Data modeling is crucial in computer science, as it helps us effectively store, retrieve, and analyze data. At its core, data modeling creates a data structure blueprint. This blueprint, also known as a data model, allows us to communicate the design and organization of our data and the relationships between different data entities. Whether you're a seasoned professional or just starting your data modeling journey, this introduction will provide you with a solid foundation and inspire you to delve deeper into this exciting field. So, let's get started!

Data and Reality

I like to make the first distinction of data based on what they represent in the real world. Let's start with physical objects, for example, items (in a store), customers, vendors, etc.

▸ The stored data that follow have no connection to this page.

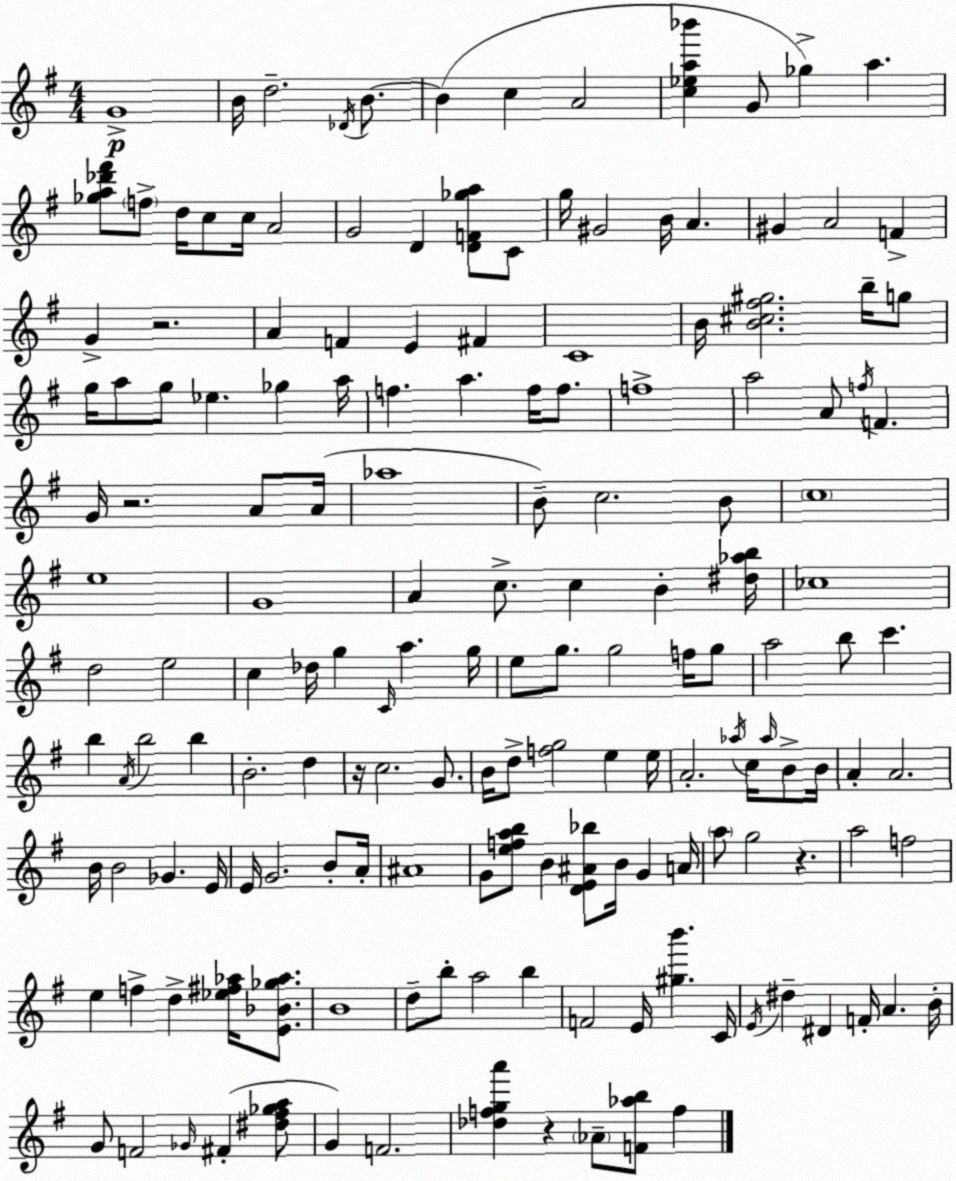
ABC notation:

X:1
T:Untitled
M:4/4
L:1/4
K:G
G4 B/4 d2 _D/4 B/2 B c A2 [c_ea_b'] G/2 _g a [_ga_d'^f']/2 f/2 d/4 c/2 c/4 A2 G2 D [DF_ga]/2 C/2 g/4 ^G2 B/4 A ^G A2 F G z2 A F E ^F C4 B/4 [B^c^f^g]2 b/4 g/2 g/4 a/2 g/2 _e _g a/4 f a f/4 f/2 f4 a2 A/2 f/4 F G/4 z2 A/2 A/4 _a4 B/2 c2 B/2 c4 e4 G4 A c/2 c B [^d_ab]/4 _c4 d2 e2 c _d/4 g C/4 a g/4 e/2 g/2 g2 f/4 g/2 a2 b/2 c' b A/4 b2 b B2 d z/4 c2 G/2 B/4 d/2 [fg]2 e e/4 A2 _a/4 c/4 _a/4 B/2 B/4 A A2 B/4 B2 _G E/4 E/4 G2 B/2 A/4 ^A4 G/2 [efab]/2 B [DE^A_b]/2 B/4 G A/4 a/2 g2 z a2 f2 e f d [_e^f_a]/4 [E_B_g_a]/2 B4 d/2 b/2 a2 b F2 E/4 [^gb'] C/4 E/4 ^d ^D F/4 A B/4 G/2 F2 _G/4 ^F [^d^f_ga]/2 G F2 [_dfga'] z _A/2 [F_ab]/2 f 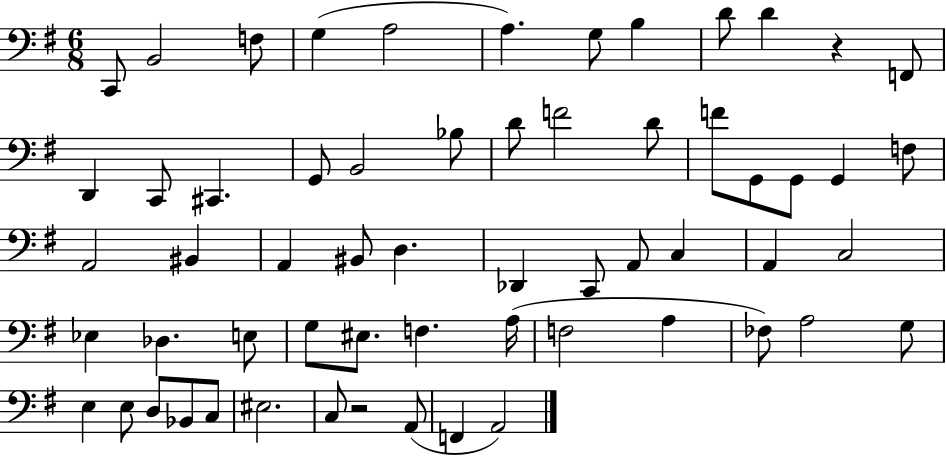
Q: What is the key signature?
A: G major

All these objects exist in reality; you can, at some point, see them or even touch them. These objects have attributes intrinsic to themselves. For example, a customer could have characteristics like Date of Birth, Name, Last Name, etc. The other types of objects are more abstract concerning what they represent; they are usually bound to a specific time and involve one or more other objects. (or entities)

For example, we can model an invoice, another type of object, or an entity. The invoice describes a fact (on a date), an event that involves two other objects: Customer (John doe) and Item (The coffee). Notice that the invoice without Customer and Item does not make much sense. It requires a date, a customer, an item, an amount, and many other possibles thing to make sense. In other words, to describe an invoice, you need something like: On 4th January at 7:30, John Doe bought three large coffees for 9 dollars. (Date, Customer, Quantity, Total)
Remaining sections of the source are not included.